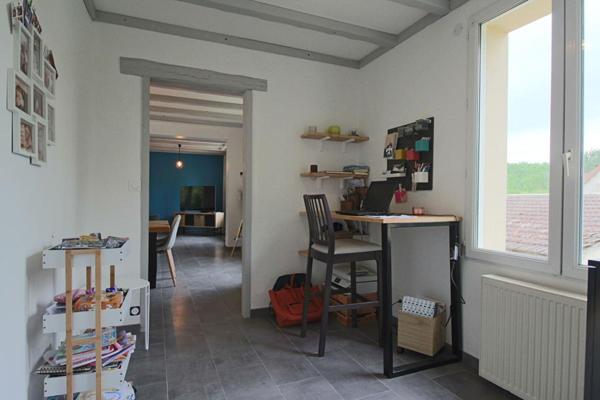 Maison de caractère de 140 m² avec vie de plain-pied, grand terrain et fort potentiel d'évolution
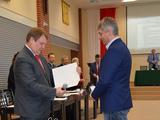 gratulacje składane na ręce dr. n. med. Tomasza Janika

......

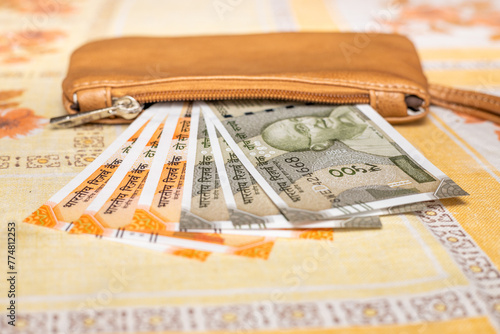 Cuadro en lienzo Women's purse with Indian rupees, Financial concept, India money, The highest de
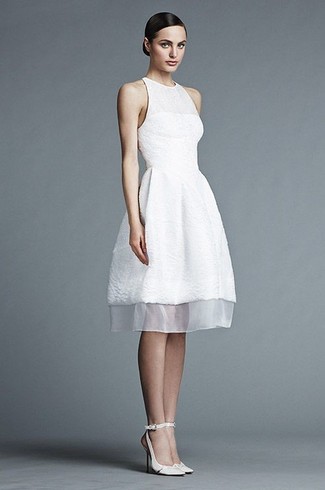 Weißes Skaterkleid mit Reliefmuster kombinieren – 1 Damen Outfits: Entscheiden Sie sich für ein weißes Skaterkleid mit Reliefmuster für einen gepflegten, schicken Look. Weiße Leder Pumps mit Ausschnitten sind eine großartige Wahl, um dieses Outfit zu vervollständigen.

......

## [What the exercise asks]
For the entries above, print exactly the lines between the one with "Maison de caractère" and the one with "gratulacje składane na", inclusive, with no pictures.

## [Answer to this problem]
 Maison de caractère de 140 m² avec vie de plain-pied, grand terrain et fort potentiel d'évolution
 gratulacje składane na ręce dr. n. med. Tomasza Janika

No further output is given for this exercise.